Aux Etats-Unis, on aime ceux qui défient l’autorité de l’Etat.
De Jesse James à Bonne and Clyde en passant par Billy the kid, Dillinger ou Al Capone, les outlaws, les hors-la-loi, ont été et pour certains demeurent des icônes populaires dont on célèbre la légende faite de faits d’armes enjolivés et d’une image quasi-angélique ou héroïque (portée souvent par Hollywood, voire les films consacrés à tous ceux que l’on vient de citer) qui ne correspond à rien de ce qu’ont été ces personnages violents attirés seulement avant tout par l’appât du gain.
La légende du Far-West a évidemment à voir avec cette tradition du «bad boy» populaire.
Mais pas seulement.
Pour un peuple d’immigrés dont les aïeuls se sont souvent confrontés à la loi du fait de leur pauvreté ou de démêlés divers et variés qui les ont obligé à partir de leur pays d’origine pour la grande traversée, on a une indulgence pour ce qui ne sont en réalité, le plus souvent, que des petits malfrats qui n’avaient aucun message particulier à délivrer, sauf peut-être Jesse James qui était un sudiste pur et dur qui n’avait pas accepté pas la défaite de la Guerre de sécession et l’abolition de l’esclavage…
C’est sans doute là qu’il faut trouver la popularité qui a touché Trump depuis de nombreuses années – bien avant qu’il se lance en politique, avec des affaires sulfureuses qui l’on conduit plusieurs fois à la faillite – et qui continue à le porter auprès d’une frange très importante de militants et d’électeurs du Parti républicain après son passage à la Maison blanche et sa tentative de coup d’Etat.
Sondages après sondages il demeure le favori des primaires républicaines et ce malgré les quatre inculpations avec 91 chefs d’accusation qui le touchent sans parler de son passage par la case prison hier dans le cadre d’une de ces inculpations pour une photo anthropométrique et la prise de ses empreintes.
Oui, Trump est un «bad boy» qu’une partie des Américains apprécient et que ses fans – c’est comme ça que l’on doit parler de ses soutiens fanatiques – adulent se gavant de sa légende et refusant la réalité de ce qu’il est.

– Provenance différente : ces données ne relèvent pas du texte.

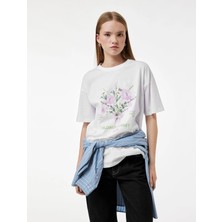 Koton Kısa Kollu Bisiklet Yaka Çiçek Baskılı Pamuklu Oversize Tişört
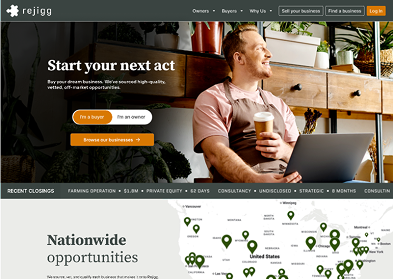 The Rejigg homepage: Start your next act, with recent closings and a nationwide opportunity map
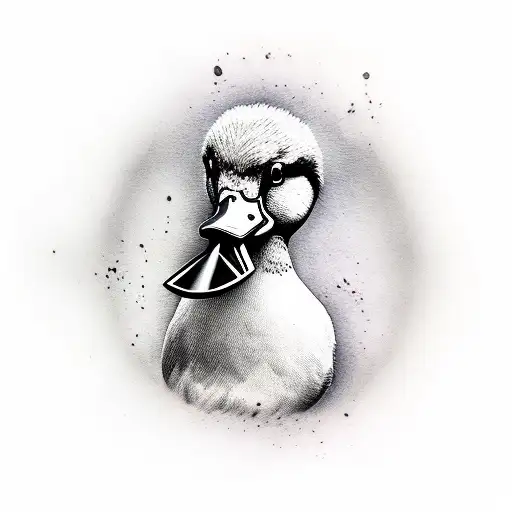 duck with knife tattoo design idea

Ce qui est assez paradoxal, néanmoins, c’est qu’il soit devenu une égérie du Parti républicain qui est à l’origine le parti de l’ordre et du conservatisme.

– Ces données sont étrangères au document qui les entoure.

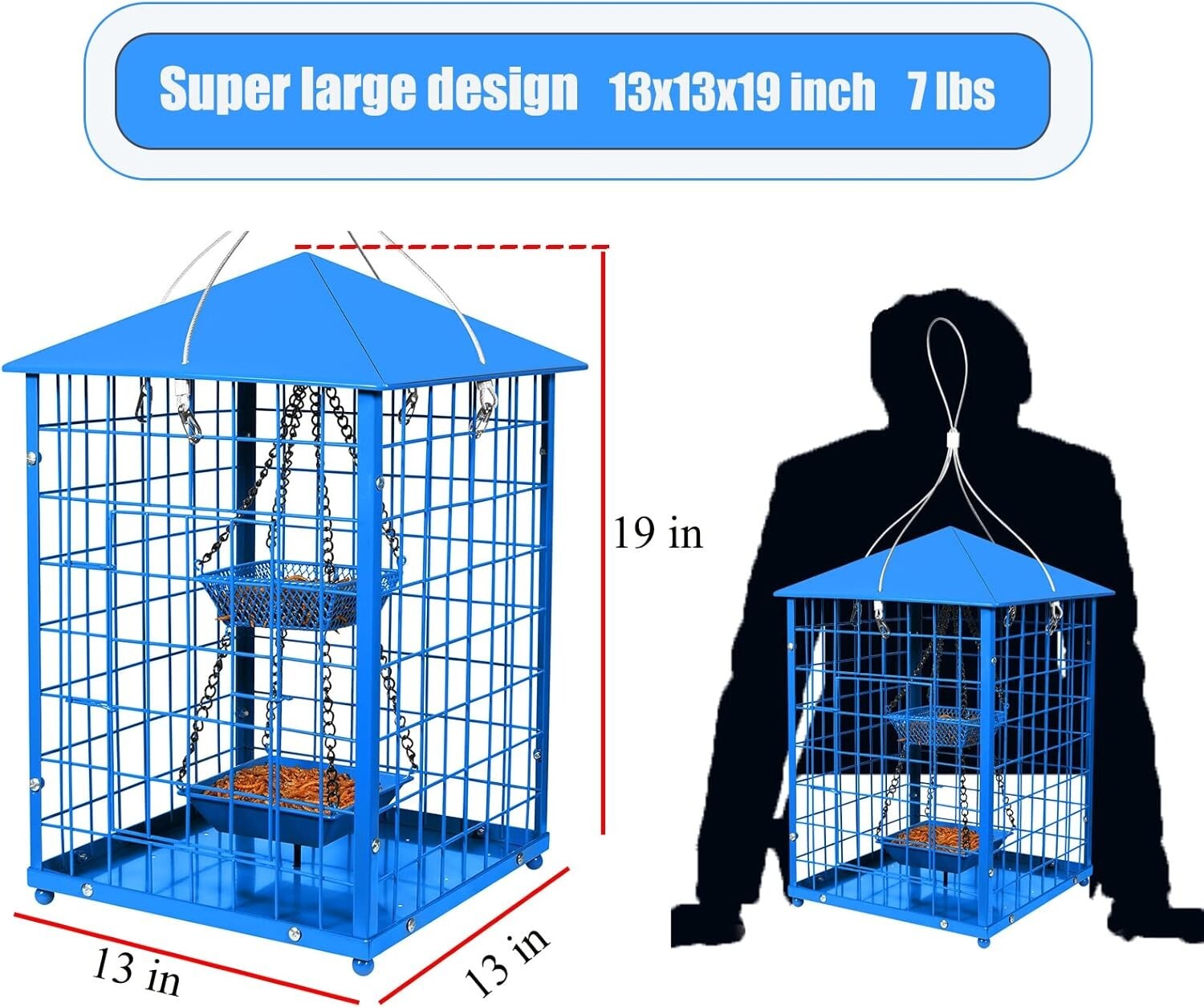 Durable Caged Bird Feeder for Bluebirds - Holds 2lbs, Includes Mealworms Cup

Et ce n’est pas seulement auprès des libertariens et des suprémacistes blancs d’extrême-droite – nouvelles composantes des républicains depuis la fin des années 1960 – qu’il est populaire mais auprès de beaucoup de ceux qui vénèrent les soi-disant valeurs américaines d’une version de droite du rêve américain où l’heureux élu a, non seulement, forgé sa réussite individuelle grâce à son talent et à sa persévérance mais contre l’establishment, contre les «autorités» fédérales, ennemies acharnées de la «liberté» (c’est-à-dire de s’émanciper des règles sociales présentées comme «socialistes» voire comme «communistes») par ces électeurs devenus trumpistes.

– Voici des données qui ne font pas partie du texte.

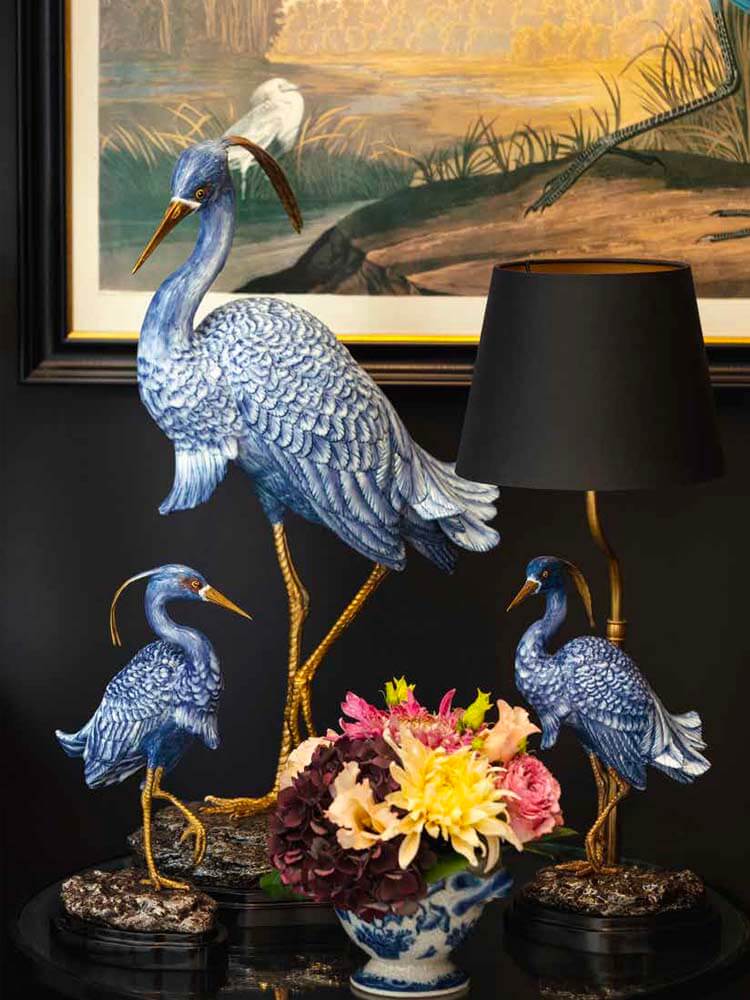 luxury bird figurine, wildlife-inspired décor, tabletop heron sculpture, The Dutch Hospital United Kingdom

Tout cela n’augure évidemment rien de bon pour 2024 où à défaut de victoire – il semble qu’une grande majorité d’Américains ne veut absolument pas de Trump même si beaucoup d’entre eux sont réticents à voter pour Biden –, sa présence plus que probable en tant que candidat du Parti républicain sera une nouvelle gifle pour la démocratie américaine et la démocratie tout court.
On peut espérer deux choses qui ont toujours été fatales aux «bad boys».
La première, c’est leur outrance dans leur domaine d’activité – la violence pour les criminels, par exemple – qui a fini par lasser une grande partie de leurs fans.
Mais il est difficile de prévoir à quel moment il dépassera le seuil de l’acceptabilité.
La deuxième, c’est la condamnation par la justice car, celle-ci rendure par le peuple américain et en son nom, est le plus souvent la preuve ultime que leurs méfaits n’était pas une épopée du cinéma hollywoodien...
C’est d’ailleurs pourquoi les avocats de Trump tentent par tous les moyens de reporter les procès après l’élection de novembre 2024 et que les procureurs font tout pour que ceux-ci se tiennent entre maintenant et l’été prochain.